PROBLEM REQUIREMENTS —
Skip the pictures and write out, word for word, the lines below from the one with "Pantalón Ancho Suelto" through the one with "A detailed Japanese", inclusive.

SUPPLIED ENTRIES —
——————————
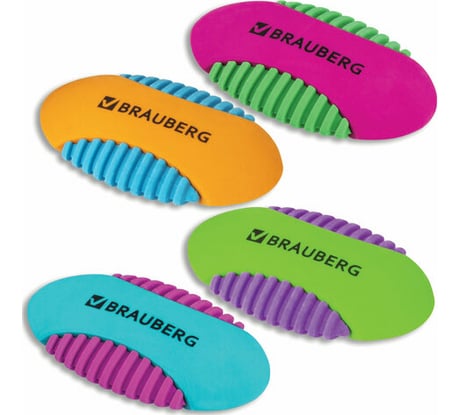 Ластик Mix S BRAUBERG, 58x33x13 мм, цвет ассорти 20 шт 228724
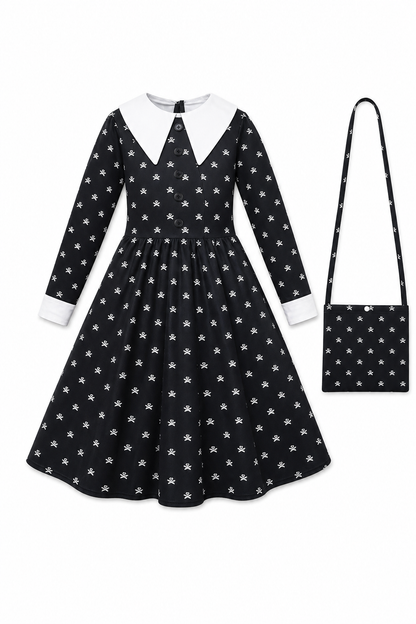 Gothic Carnival Dress with Skulls and Bag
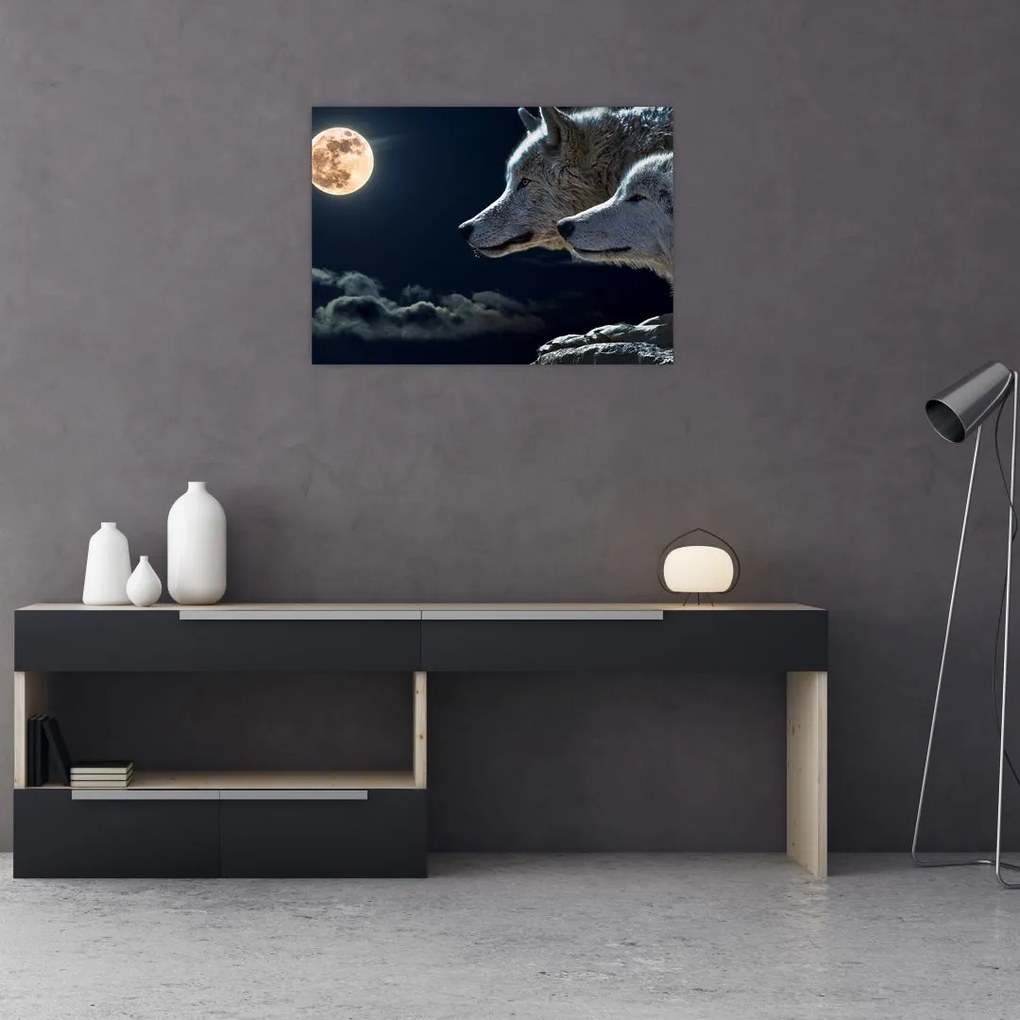 Tablou pe sticlă cu lupi în lună (70x50 cm)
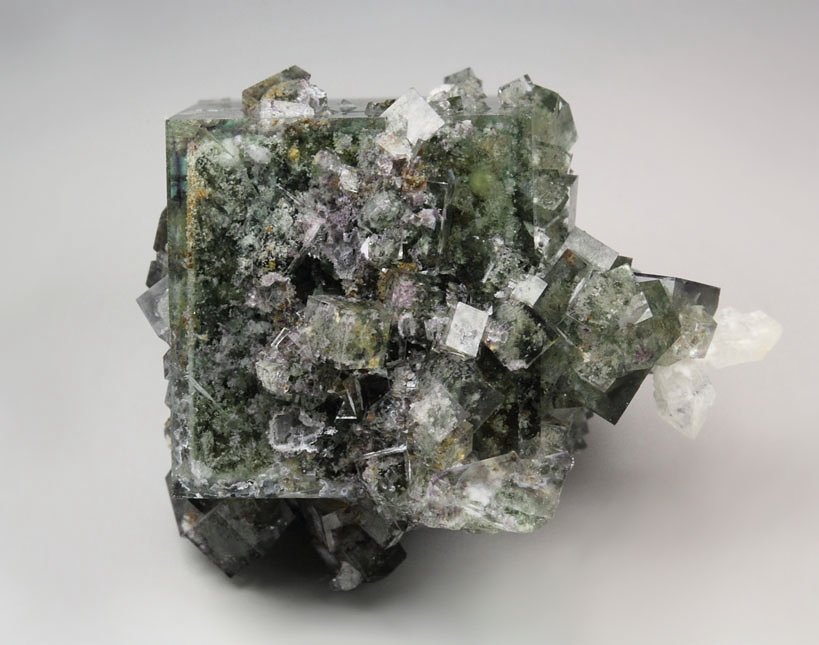 FLUORITE with PHANTOMS, QUARTZ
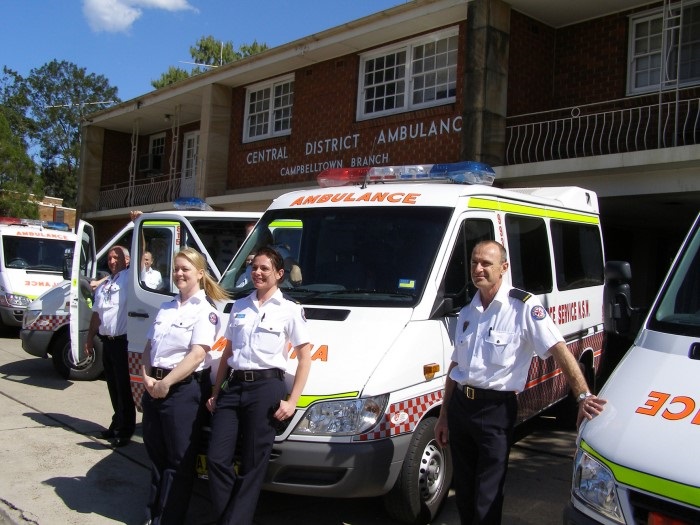 Campbelltown Abulance Staff outside the original station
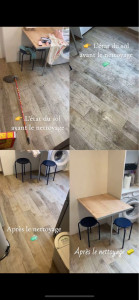 Photo de galerie - L’état d’une partie de la cuisine avant le nettoyage et le résultat après.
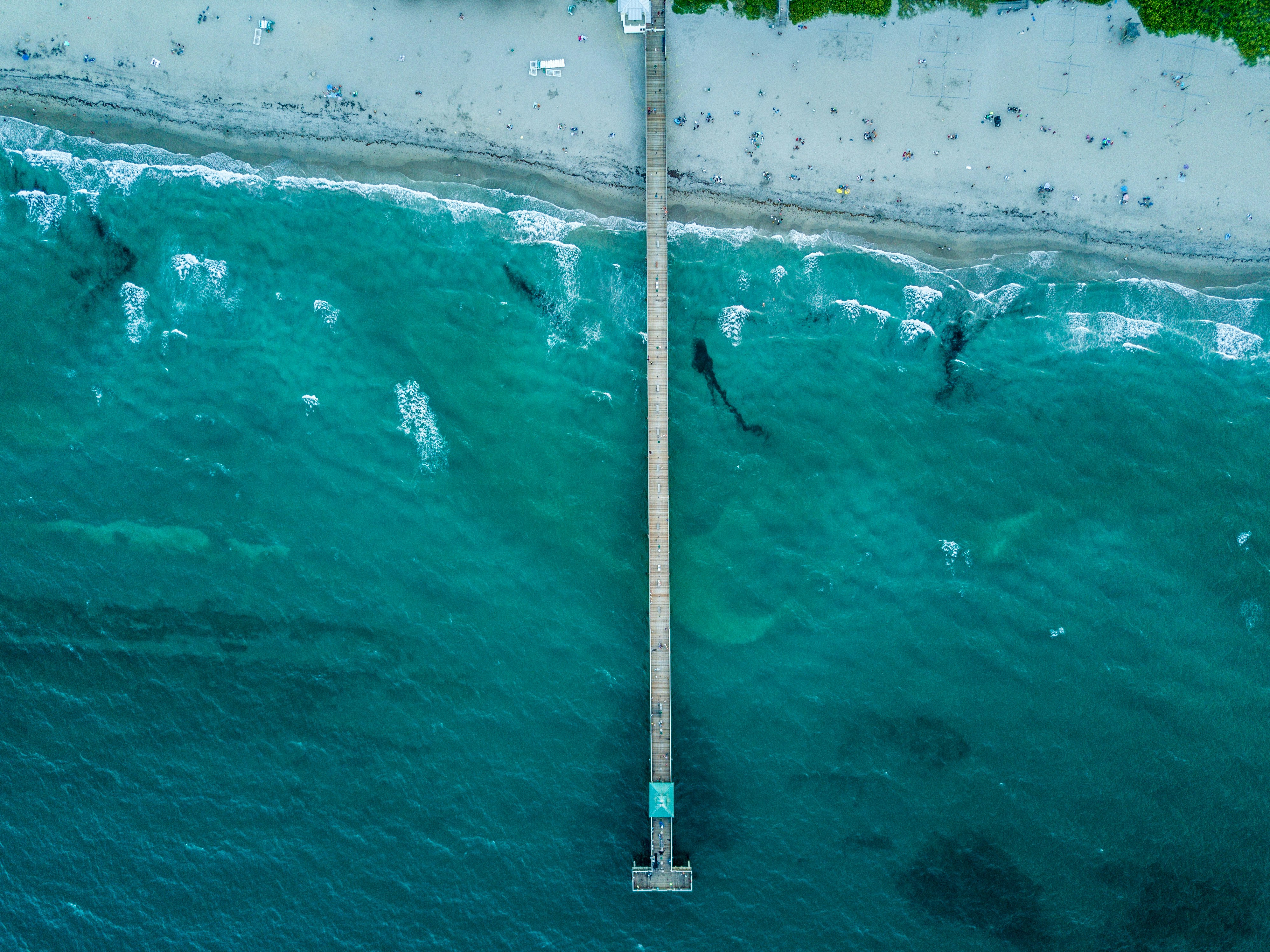 bird's eye view of brown dock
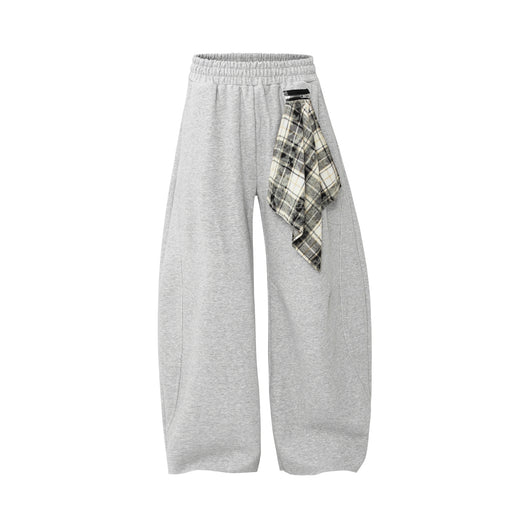 Pantalón Ancho Suelto con Pañuelo Cuadriculado Retro Desmontable - Image 14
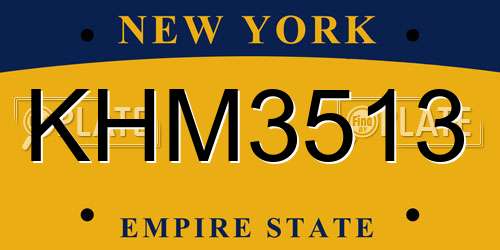 KHM3513 New York License Plate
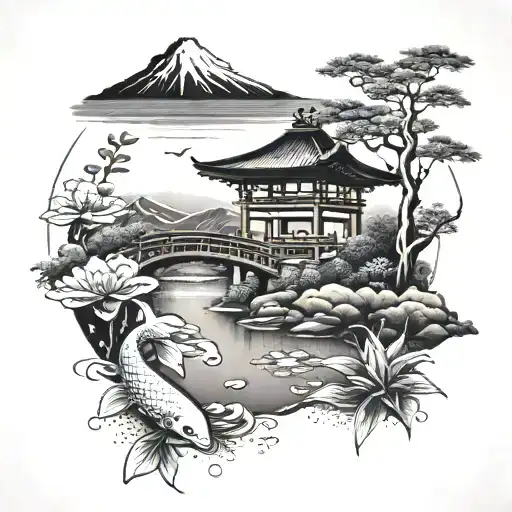 A detailed Japanese landscape with Mount Fuji, a torii gate, and a koi pond, with a hidden clock tower in the background tattoo design idea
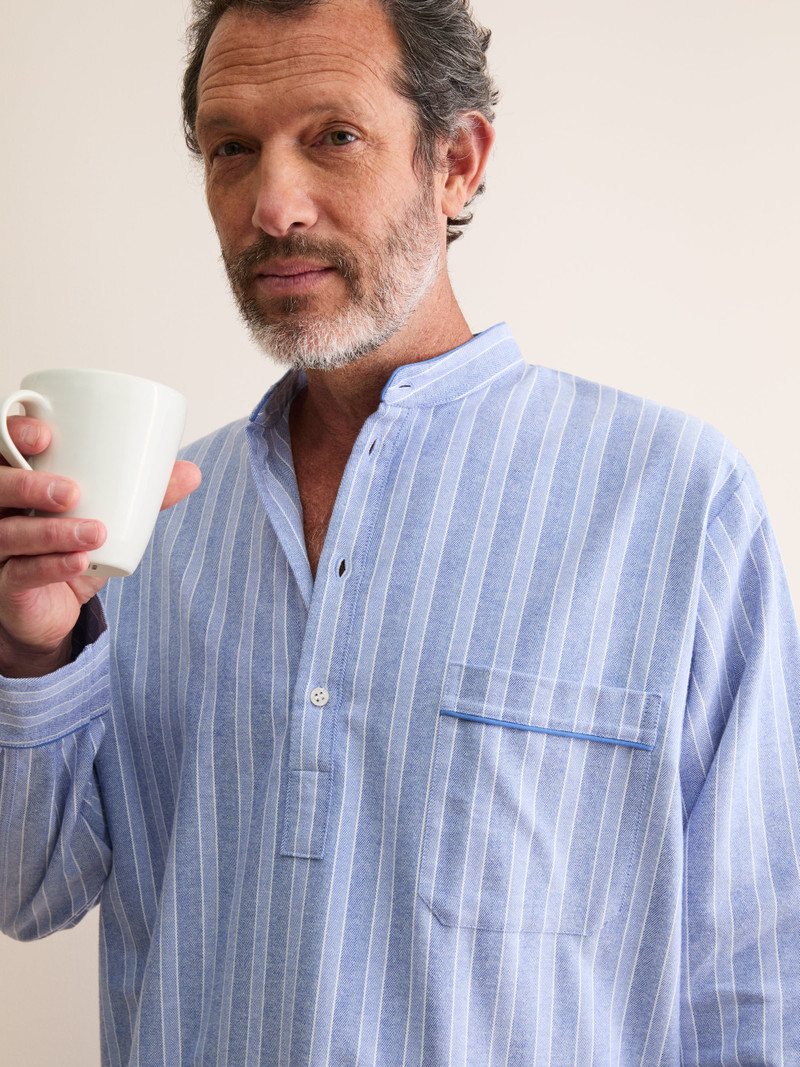 Derek Rose Men's Nightshirt Arran Brushed Cotton Blue Herringbone Stripe outlook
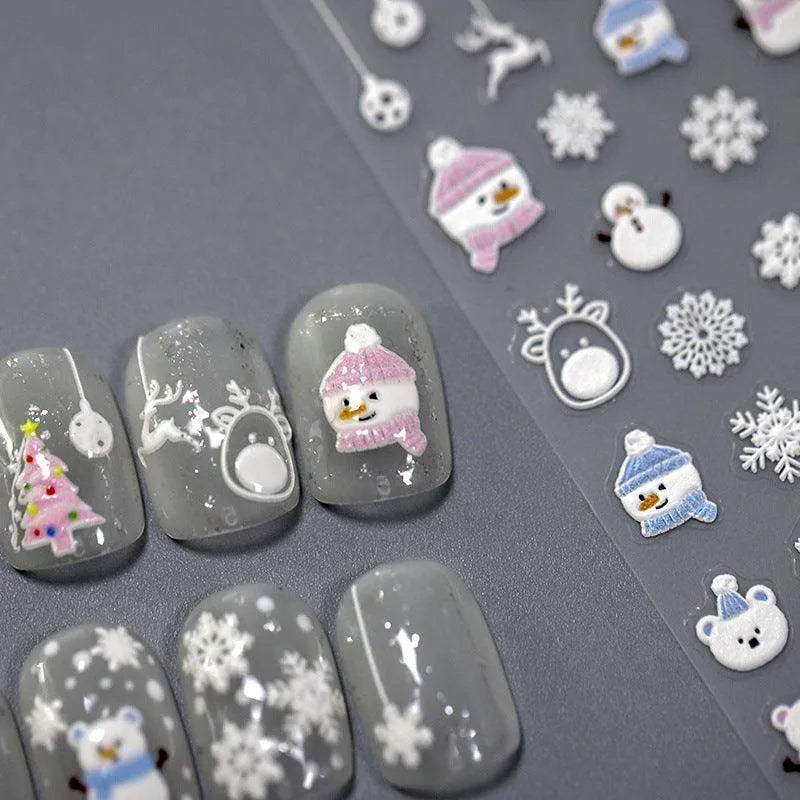 Christmas Nail Art Stickers Adhesive Slider Christmas Snowflakes Sticker Decals TS3250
——————————
REPLY TO THE EXERCISE —
 Pantalón Ancho Suelto con Pañuelo Cuadriculado Retro Desmontable - Image 14
 KHM3513 New York License Plate
 A detailed Japanese landscape with Mount Fuji, a torii gate, and a koi pond, with a hidden clock tower in the background tattoo design idea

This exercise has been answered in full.